*** Opening of Source data ***

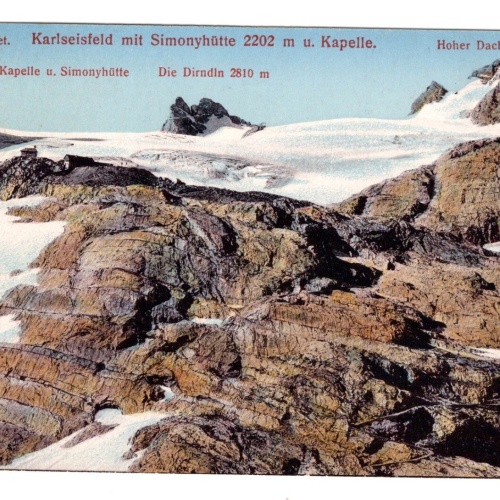 AK, Karlseisfeld mit Simonyhütte, Oberösterreich, Ansichtskarte (S5645)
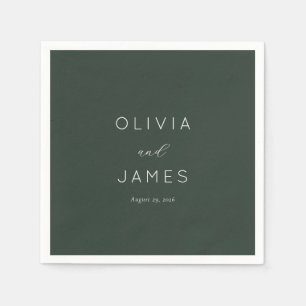 Servilleta De Papel Caligrafía minimalista verde elegante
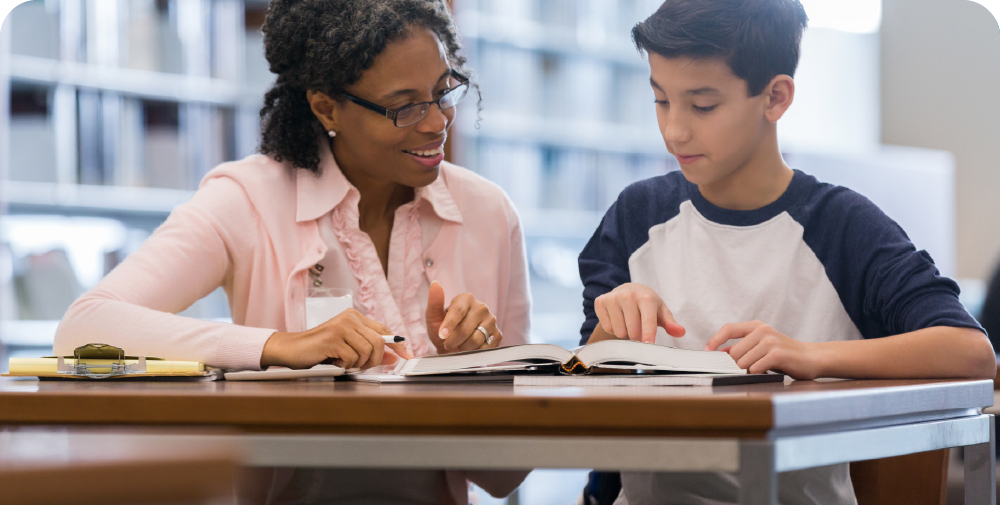 Teacher and student, one-on-one.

*** Close of Source data ***

> Task statement
An exact, image-free transcript of the material is required.

> Solution
 AK, Karlseisfeld mit Simonyhütte, Oberösterreich, Ansichtskarte (S5645)
 Servilleta De Papel Caligrafía minimalista verde elegante
 Teacher and student, one-on-one.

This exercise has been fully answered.